O prefeito de Buenos Aires, Mauricio Macri (Proposta Republicana - PRO), reeleito neste domingo para um mandato de mais quatro anos, começa a negociar seu apoio com vistas às eleições presidenciais de 23 de outubro. "Tenho o compromisso de, a partir de amanhã, começar a conversar com todos os candidatos à presidência, inclusive com a presidente (Cristina Kirchner)", que busca um segundo mandato, disse Macri em seu discurso da vitória.

MARINA GUIMARÃES, CORRESPONDENTE, Agência Estado

31 de julho de 2011 | 21h38

O prefeito de centro-direita é ferrenho opositor à Casa Rosada e sua massacrante vitória no terceiro maior colégio eleitoral da Argentina, o transformou em uma peça cobiçada por todos os candidatos à presidência.

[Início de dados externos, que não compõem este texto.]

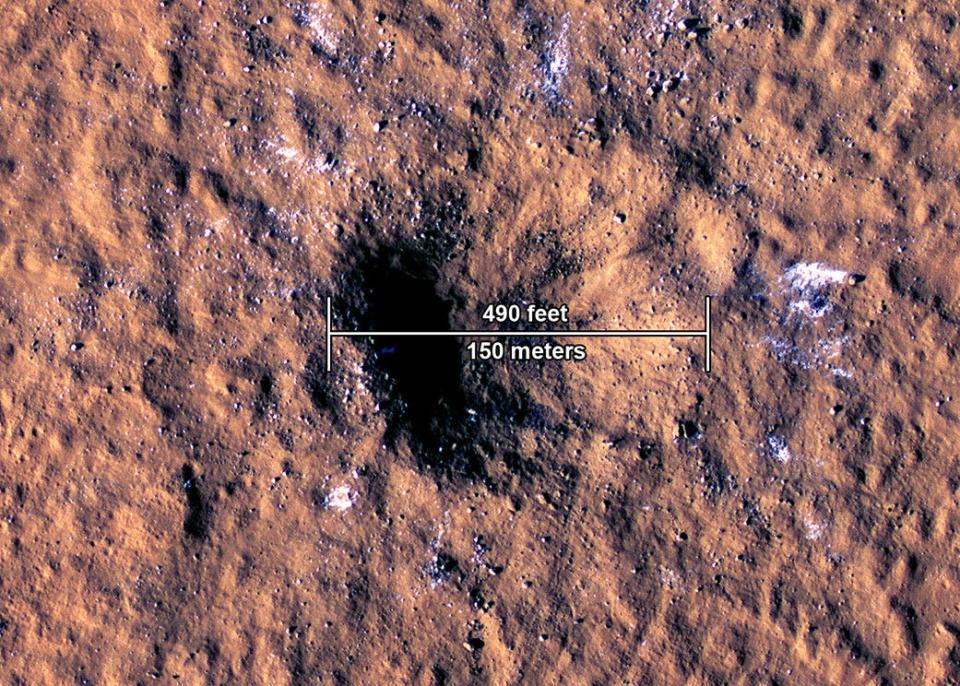 The impact crater, formed Dec. 24, 2021, by a meteorite strike in the Amazonis Planitia region of Mars, is about 490 feet across, as seen in this annotated image taken by NASA’s Mars Reconnaissance Orbiter.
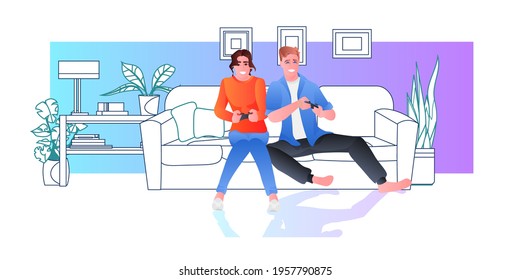 young couple using joysticks playing video games people spending time together at home living room interior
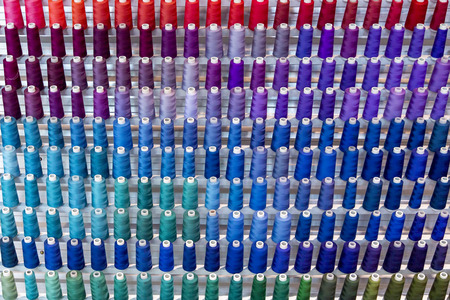 Colorful thread spool decoration of wall backgroundの写真素材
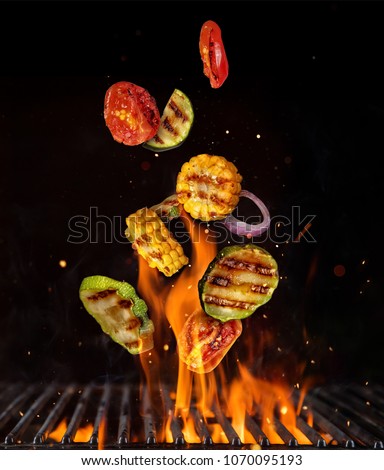 Flying pieces of vegetable from grill grid, isolated on black background. Concept of flying food, very high resolution image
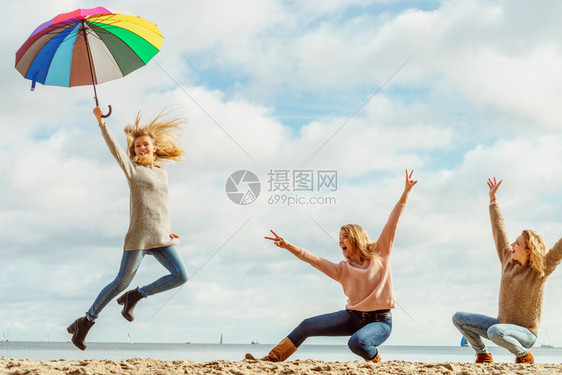 三个充满欢乐的女人带着多姿彩的雨伞到处跳女朋友在户外玩得开心图片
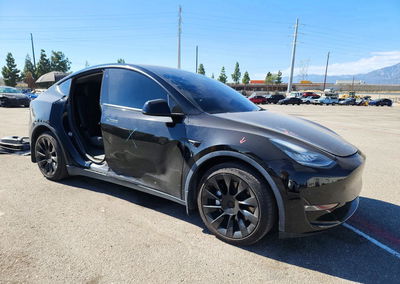 2022 Tesla Model Y, daño Lateral, Copart lote 71508376, foto 4 de 15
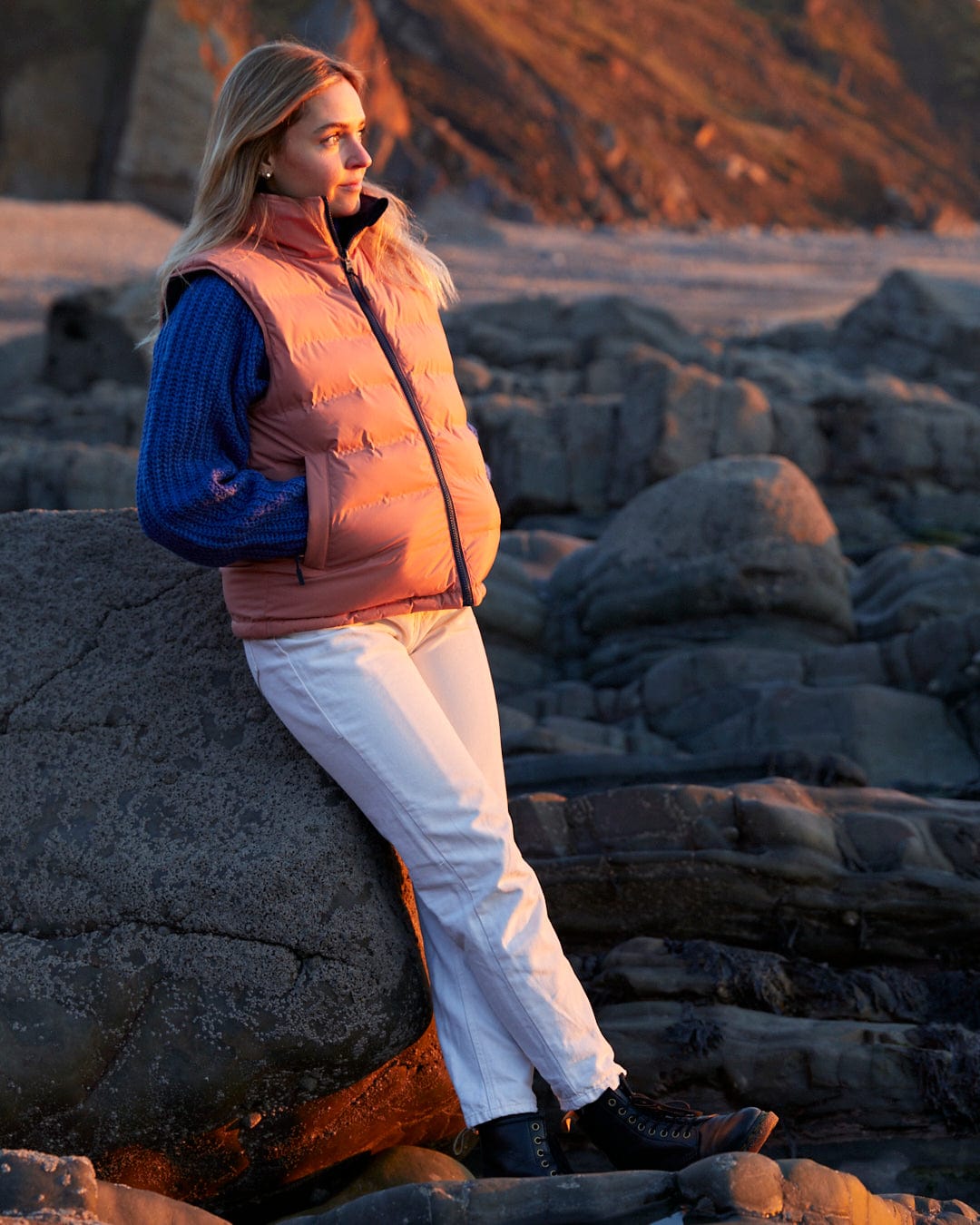 A woman is sitting on a rock, wearing the Saltrock Astra - Womens Reversible Padded Gilet - Blue/Pink.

O prefeito, no entanto, indicou que não está obrigado a se aliar com nenhum deles.

"A Argentina necessita que todos dialoguemos. Tenho o compromisso com um diálogo, mas que nem sempre tem que terminar em acordo eleitoral", afirmou. Macri agradeceu o telefonema que Cristina fez para parabenizá-lo pela vitória, mas lançou várias críticas "indiretas" a ela.

"É tão importante que os líderes de Argentina aprendam a ser humildes porque é muito fácil cair na soberbia", disse ele, em clara referência ao estilo Kirchner de impor medidas e decisões. Em outro ponto do discurso, Macri afirmou que "são muitos anos de desrespeito às instituições e isso tem que terminar". Também se comprometeu a formular políticas de longo prazo para atacar a pobreza. "É inaceitável que depois de 10 anos de crescimento, não consigamos erradicar a pobreza", criticou.